It looks like Minnesotans will avoid many of the automated political phone calls that have interrupted dinner conversations in some other states -- at least for now.
A conservative group from Iowa that challenged the state’s restrictions on such calls has dropped its demand that the Federal Election Commission halt Minnesota’s prohibitions.
The decision came after Minnesota and seven other states that restrict "robocalls" defended their laws in letters to the FEC.
The Minnesota law requires campaigns to use live operators to introduce automated calls and get the consent of the person answering the phone to play them -- conditions that discourage the practice.

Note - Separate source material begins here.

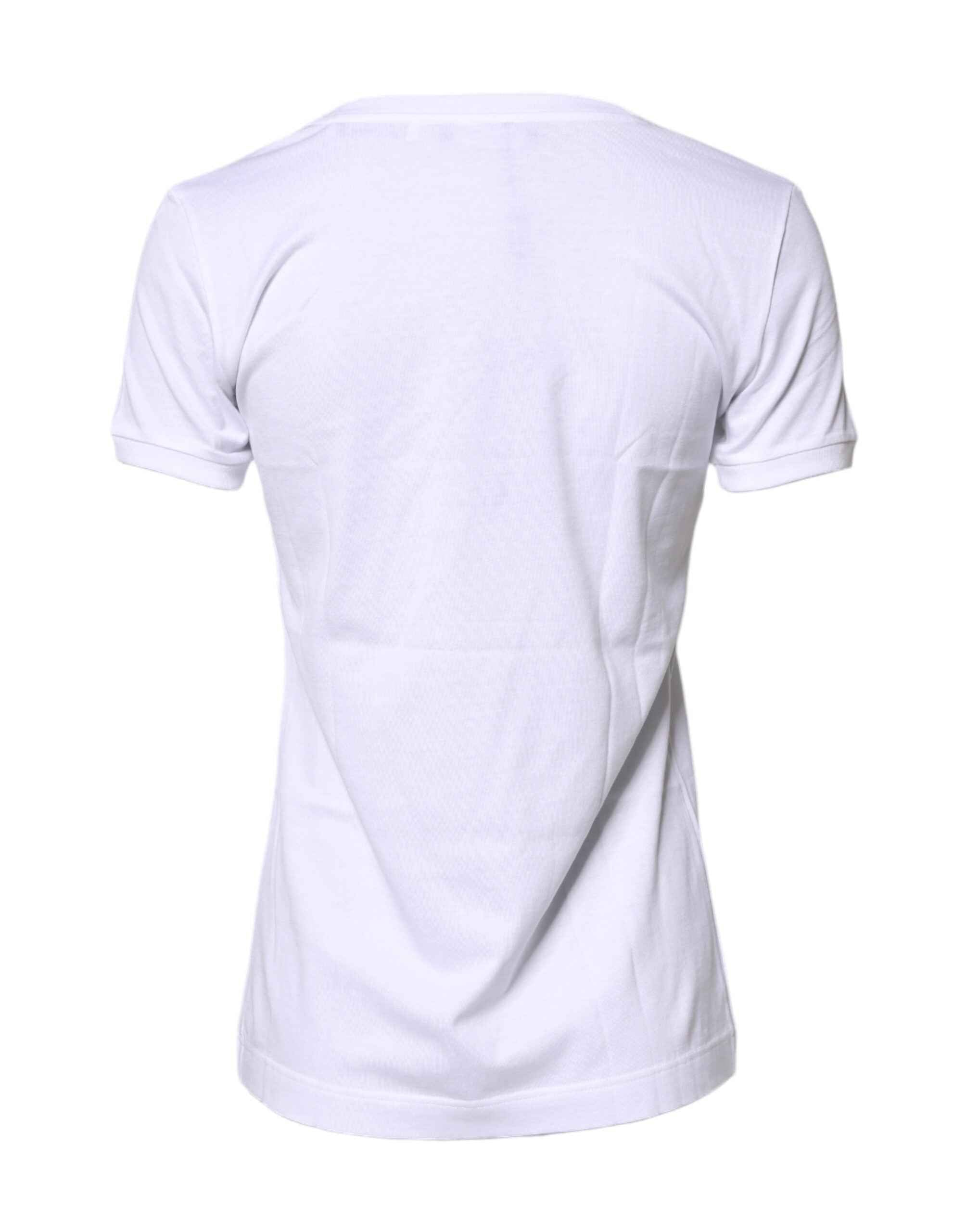 Dolce & Gabbana White #DGFamily Cotton Crew Neck T-shirt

The American Future Fund’s political action committee had asked the FEC last fall to override portions of a 1987 Minnesota law that curb the recorded calls, saying the restrictions infringe on federal laws overseeing campaign finance and free speech.
But the fund concluded this week that it saw no advantage in draft advisory opinions under consideration by the FEC.
One draft said recorded political phone calls can be curbed by Minnesota and other states. In another draft the agency declined to issue an opinion, saying disputes over restrictions on automated calls should be left to the courts.
While a third draft sided with the fund by preventing state restrictions, opposition to it from several states was so strong it was likely some would fight a court battle over the issue,
Minnesota Attorney General Lori Swanson on Thursday hailed the development.
"People have the right to be let alone in their homes, and robocalls are particularly intrusive and annoying to Minnesota citizens," said Swanson, calling the fund’s request to strike down Minnesota’s law "misguided."